In the meantime, the duo hatched a scheme to use German reservists in the United States to invade British Columbia via Washington State, with support from German warships in the Pacific. That plan was rejected too, partly because of the lack of artillery backup, but mainly because Ambassador von Bernstorff thought it the kind of ‘wild-cat scheme’ that would inflame Germanophobia and ultimately fail.

After next making serious plans to attack the British Empire by invading the soft target of Jamaica, which would soon send men and supplies to Europe once the appalling Allied casualties on the Western Front overcame British military prejudices of giving black men guns, von der Goltz and von Papen decided instead to blow up the Welland Canal, a major Canadian shipping route between Lakes Ontario and Erie that bypasses Niagara Falls. A successful attack on the Welland Canal system would cripple Canadian shipping and food supplies and create panic among the public, who would demand that troops destined for the war in Europe be stationed at home to prevent invasion by the German horde to the south.

Von der Goltz was promoted to captain and acquired a US passport in the name of Bridgeman Taylor as well as 300 pounds of dynamite and 45 feet of fuse. He purchased the explosives package through the offices of Captain Hans Tauscher, an agent of Krupp, the German steel and armament juggernaut, via the DuPont Powder Company, for $534.37.

After picking up the dynamite and fuse himself by motorboat from a DuPont company barge in the Hudson River, von der Goltz transported it in suitcases in a careening New York taxi first to the German Club on the south side of Central Park, where Karl Boy-Ed lived, and which became such a centre for German diplomats, sympathisers and saboteurs that the US government finally seized the building in 1918. From there he went to the safe house run by Martha Held, a buxom, blue-eyed opera singer who had emigrated from Germany in 1912. With her raven hair, diamond earrings and the elaborate Victorian costumes that camouflaged her middle-age spread, Held trilled arias into the Manhattan night from her rented brownstone at 123 West 15th Street, an easy address to remember for the German sailors, officers and spies – and even von Bernstorff – who were regular visitors.

Once the explosive was safely stowed, von der Goltz and his hand-picked team of German sailors whom he had liberated from their involuntary residence in American ports headed north to strike a blow for Germany. However, not only had the Canadians figured out that such an important shipping lane might be a target for saboteurs and guarded it accordingly, by the time von der Goltz and his fellow conspirators arrived in Niagara Falls, New York, they learned that Canadian troops had left their base at Valcartier for England. So instead, they exchanged impotent telegrams with Mr Steffens (von Papen’s code name) and talked loudly about their German patriotism for all and sundry to hear.
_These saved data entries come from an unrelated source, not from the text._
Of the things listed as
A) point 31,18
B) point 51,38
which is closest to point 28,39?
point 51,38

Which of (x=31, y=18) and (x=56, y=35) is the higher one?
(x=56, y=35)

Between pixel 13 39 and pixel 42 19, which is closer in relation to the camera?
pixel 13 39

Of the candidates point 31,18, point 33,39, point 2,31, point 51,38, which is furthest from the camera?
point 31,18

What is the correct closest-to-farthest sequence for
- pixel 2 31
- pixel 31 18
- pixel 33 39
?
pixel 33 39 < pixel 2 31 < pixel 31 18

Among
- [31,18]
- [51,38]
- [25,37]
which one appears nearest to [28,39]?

Von der Goltz claimed that it was to distract their American surveillance team from the other unit of German saboteurs heading into Canada, but the truth was that the Germans were going to have to come up with a better plan than this if they hoped to win the war on the North American front.
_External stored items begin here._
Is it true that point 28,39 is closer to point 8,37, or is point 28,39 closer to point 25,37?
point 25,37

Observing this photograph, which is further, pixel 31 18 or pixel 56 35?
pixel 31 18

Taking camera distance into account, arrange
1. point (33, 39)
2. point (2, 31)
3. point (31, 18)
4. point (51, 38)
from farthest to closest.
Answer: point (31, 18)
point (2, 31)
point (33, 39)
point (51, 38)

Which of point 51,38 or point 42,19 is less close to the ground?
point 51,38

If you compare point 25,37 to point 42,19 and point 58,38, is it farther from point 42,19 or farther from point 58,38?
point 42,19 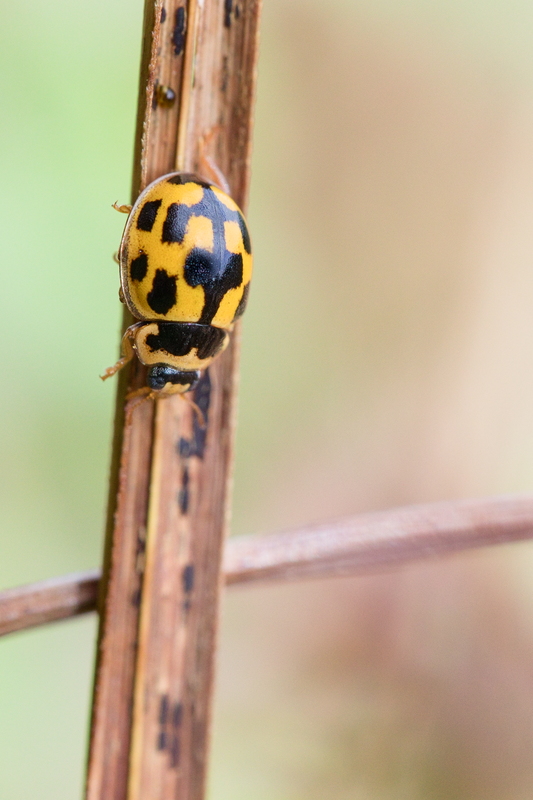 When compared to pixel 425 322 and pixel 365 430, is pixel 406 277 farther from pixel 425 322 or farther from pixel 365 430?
pixel 365 430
On 3 January 1915, an enciphered telegram arrived at Ambassador von Bernstorff’s Washington office, with orders from Berlin:

Secret. The General Staff is anxious that vigorous measures should be taken to destroy the Canadian Pacific in several places for the purpose of causing a lengthy interruption of traffic. Captain Boehm who is well known in America and who will shortly return to that country is furnished with expert information on that subject. Acquaint the military attaché with the above and furnish the sums required for the enterprise.